● **Your instructions**: Filter the records down to the lines that hold the word "Court", and copy each of those lines.
━━━ Records to use
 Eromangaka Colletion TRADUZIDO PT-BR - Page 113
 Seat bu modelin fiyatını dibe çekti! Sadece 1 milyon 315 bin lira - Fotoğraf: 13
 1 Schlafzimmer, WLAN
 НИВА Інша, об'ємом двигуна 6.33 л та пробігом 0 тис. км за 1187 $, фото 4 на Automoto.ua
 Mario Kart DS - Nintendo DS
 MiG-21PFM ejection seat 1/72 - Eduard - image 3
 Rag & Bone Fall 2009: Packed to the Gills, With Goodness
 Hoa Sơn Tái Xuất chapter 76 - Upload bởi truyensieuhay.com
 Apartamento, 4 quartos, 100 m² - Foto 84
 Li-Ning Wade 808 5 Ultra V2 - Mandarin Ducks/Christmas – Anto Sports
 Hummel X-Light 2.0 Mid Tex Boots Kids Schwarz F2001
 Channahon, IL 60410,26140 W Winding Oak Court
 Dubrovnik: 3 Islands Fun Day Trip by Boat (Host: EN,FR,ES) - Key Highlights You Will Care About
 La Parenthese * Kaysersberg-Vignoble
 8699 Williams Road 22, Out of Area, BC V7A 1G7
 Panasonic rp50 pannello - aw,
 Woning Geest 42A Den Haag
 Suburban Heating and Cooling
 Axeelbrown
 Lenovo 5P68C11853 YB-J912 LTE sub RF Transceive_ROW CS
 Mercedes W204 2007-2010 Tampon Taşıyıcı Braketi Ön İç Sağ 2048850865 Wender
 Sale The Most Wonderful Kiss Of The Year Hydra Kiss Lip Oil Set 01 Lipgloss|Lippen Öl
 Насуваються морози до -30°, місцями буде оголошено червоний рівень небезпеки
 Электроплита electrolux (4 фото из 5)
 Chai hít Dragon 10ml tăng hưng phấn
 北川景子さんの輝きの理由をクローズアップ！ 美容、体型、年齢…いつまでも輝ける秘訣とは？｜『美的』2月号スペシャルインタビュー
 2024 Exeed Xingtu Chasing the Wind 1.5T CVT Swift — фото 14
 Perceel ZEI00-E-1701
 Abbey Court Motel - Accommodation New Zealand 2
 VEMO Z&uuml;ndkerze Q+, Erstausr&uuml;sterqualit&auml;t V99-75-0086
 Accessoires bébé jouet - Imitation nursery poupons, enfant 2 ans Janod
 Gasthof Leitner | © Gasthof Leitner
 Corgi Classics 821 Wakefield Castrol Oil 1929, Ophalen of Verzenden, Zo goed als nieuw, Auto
━━━━━━
● **Expected output**:
 Channahon, IL 60410,26140 W Winding Oak Court
 Abbey Court Motel - Accommodation New Zealand 2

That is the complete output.